Crawled caption data:
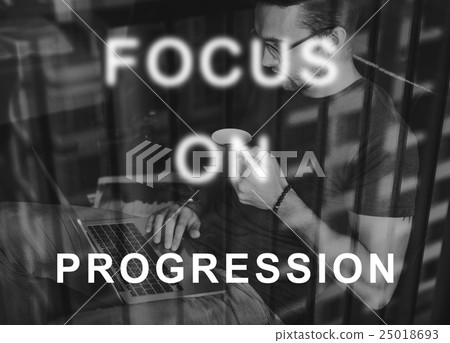 Focus On Aim Concentrate Target Determine Concept Focus On Aim Concentrate Target Determine Concept 25018693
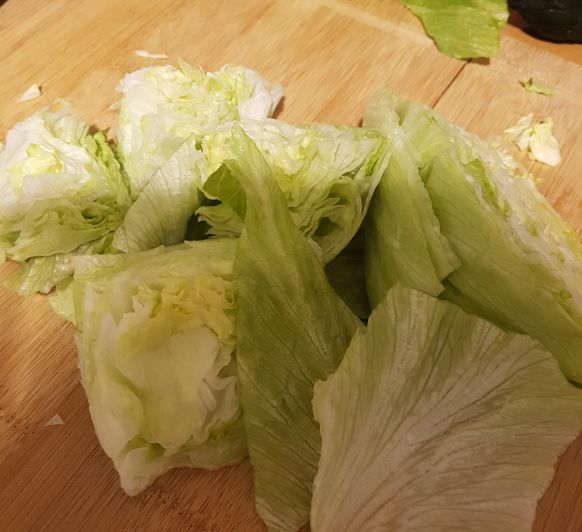 Picar lechuga con Thermomix®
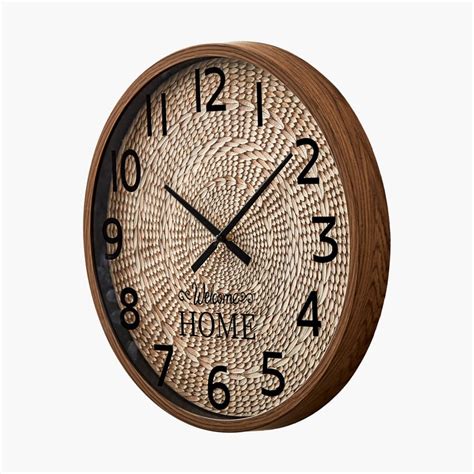 Buy Casablanca Aspire Wooden Wall Clock - 40cm from Home Centre at just ...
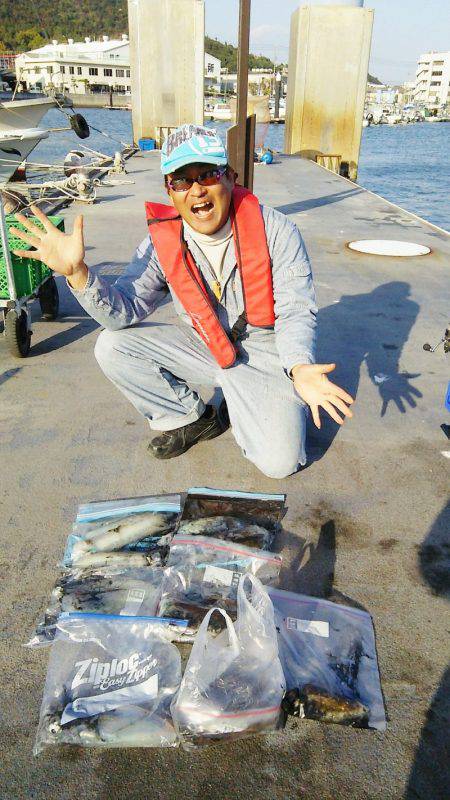 マリンガイド福丸 釣果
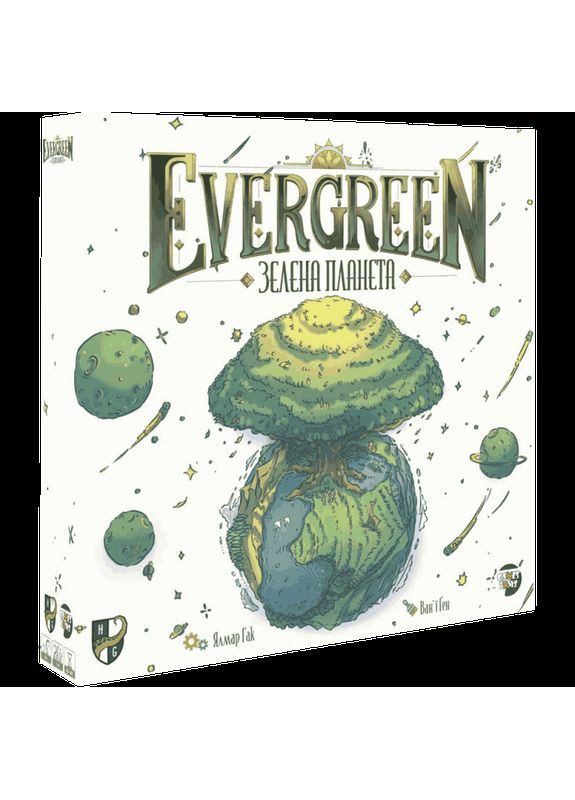 Настільна гра Evergreen: Зелена Планета (Evergreen) (укр) ( ) Games7Days EVG001UA (370762460)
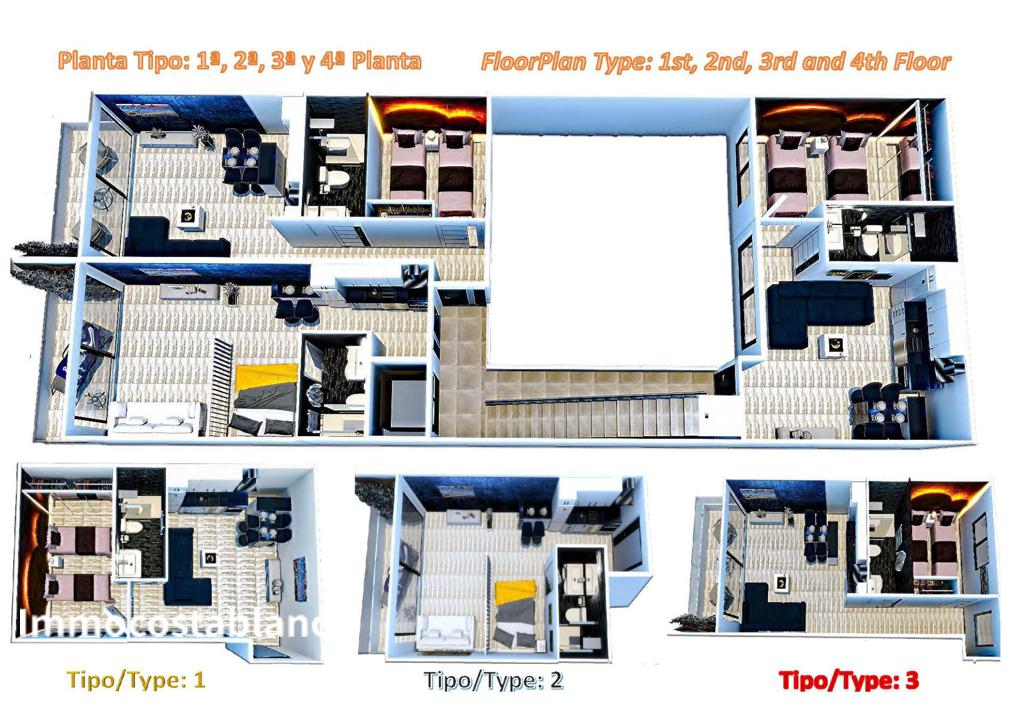 Квартира в Торревьехе, 35 м², 184 000 €, фото 8, объявление 13239536
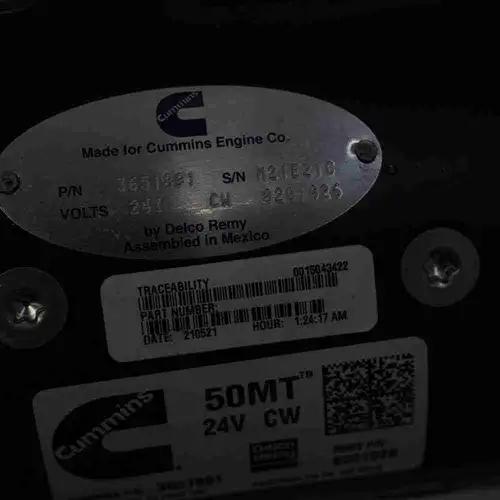 3651891 3636818 QSK19 QSK60 Starter Motor - Image 8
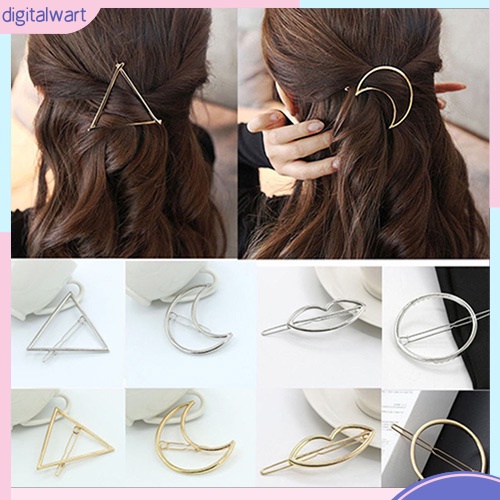 Kẹp Tóc Nữ Hình Học Thời Trang
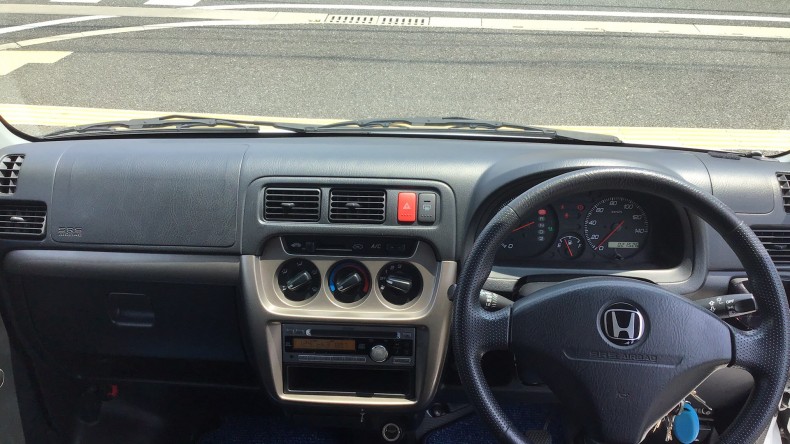 内装インパネ全体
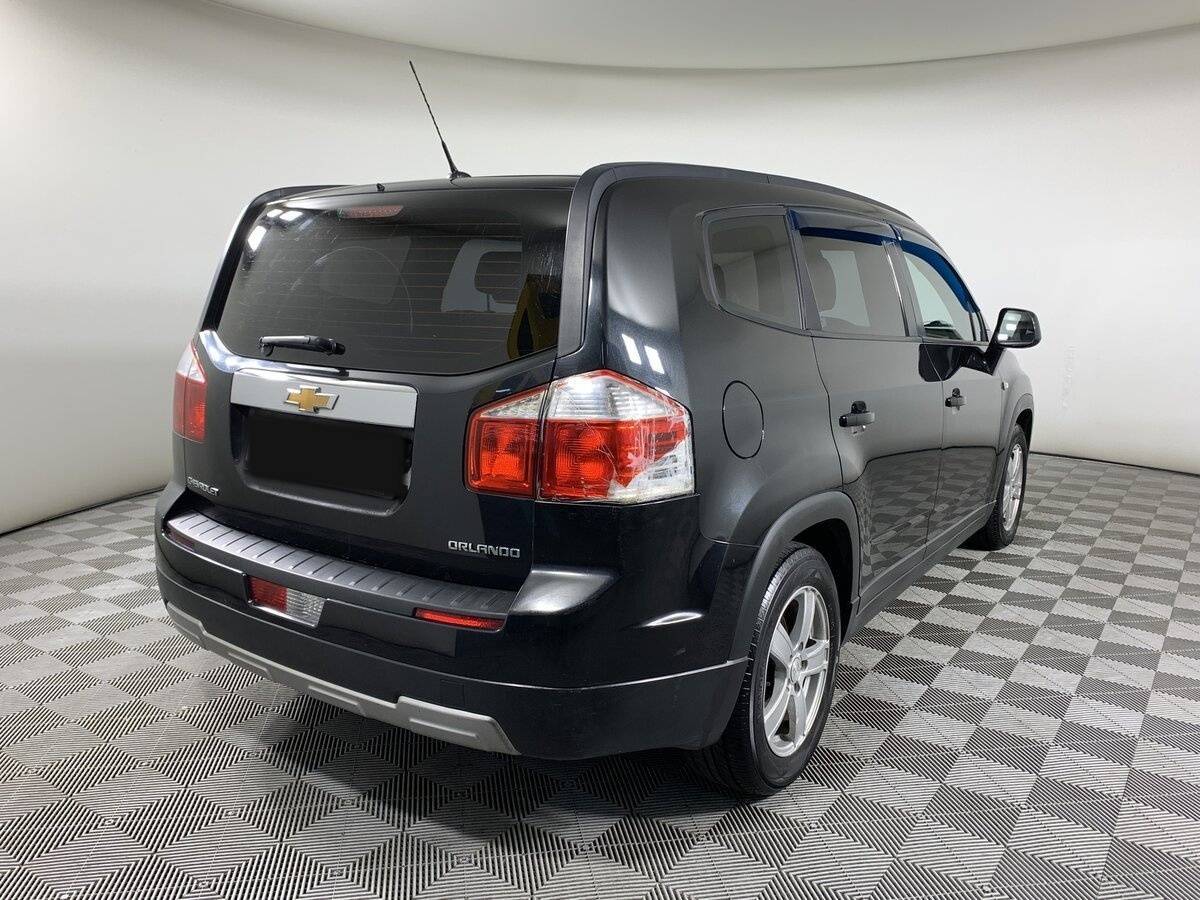 Chevrolet Orlando, 2013 Фото №5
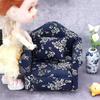 Cute 1:12 Dolls Sofa Pillows Set 8*6.5*7.5cm Miniature Doll House Accessories  Children Toys Gift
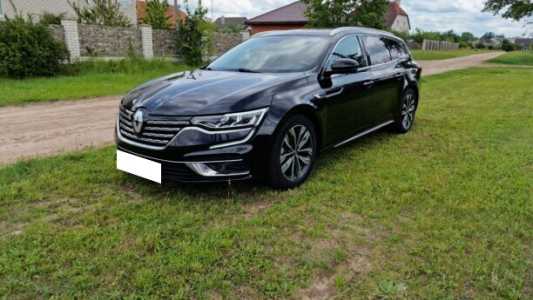 Renault Talisman I  Рестайлинг, 2021, пробег 232000 км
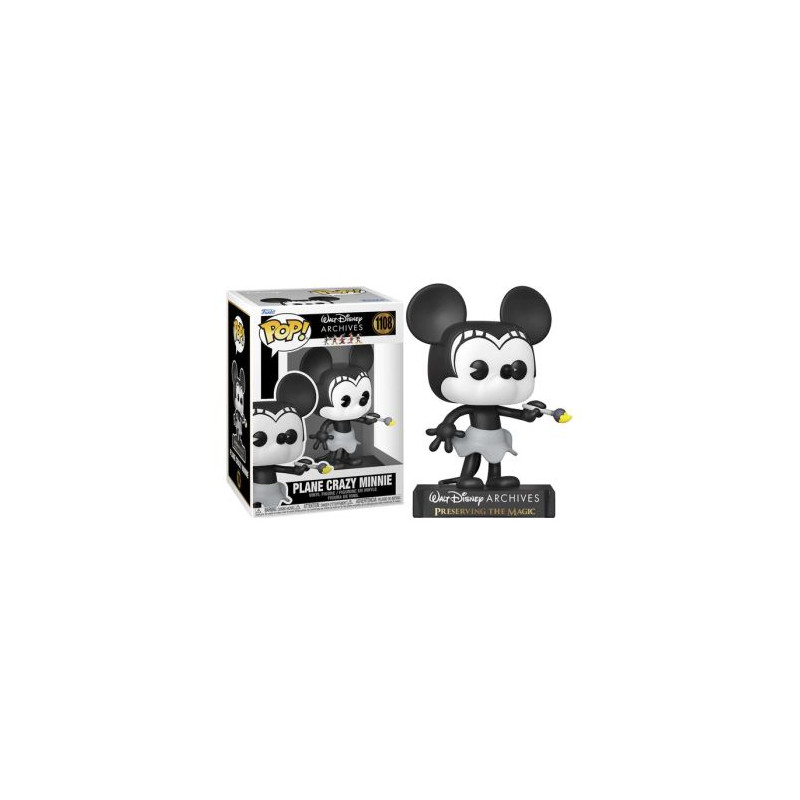 FUNKO POP Minnie Mouse 1108 - Disney Archives - 889698576239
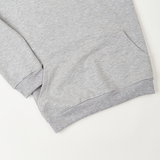 Худі Garnamama Basic Hoodie 2-х нитка 158 Серый (798667.1140883) - Pampik - 5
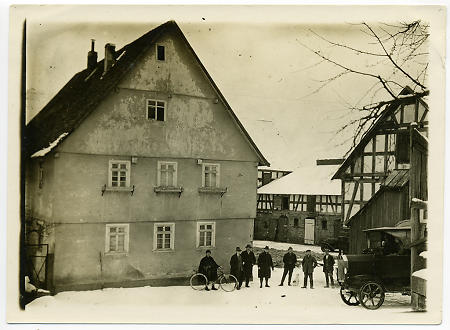 Neuhöfe bei Marburg, Hof Imhof, um 1925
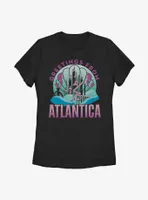 Disney The Little Mermaid Greetings From Atlantica Womens T-Shirt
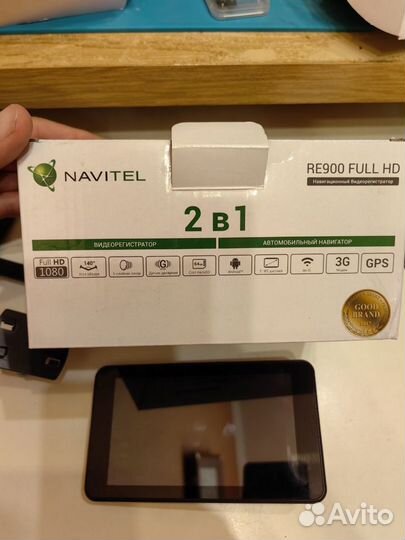 Видеорегистратор с навигатором 2в1 Navitel RE900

What is being asked => Your task is to return the lines above, from the first one up to and including the line containing "Квартира в Торревьехе, 35", minus any pictures.

Output of the task =>
 Focus On Aim Concentrate Target Determine Concept Focus On Aim Concentrate Target Determine Concept 25018693
 Picar lechuga con Thermomix®
 Buy Casablanca Aspire Wooden Wall Clock - 40cm from Home Centre at just ...
 マリンガイド福丸 釣果
 Настільна гра Evergreen: Зелена Планета (Evergreen) (укр) ( ) Games7Days EVG001UA (370762460)
 Квартира в Торревьехе, 35 м², 184 000 €, фото 8, объявление 13239536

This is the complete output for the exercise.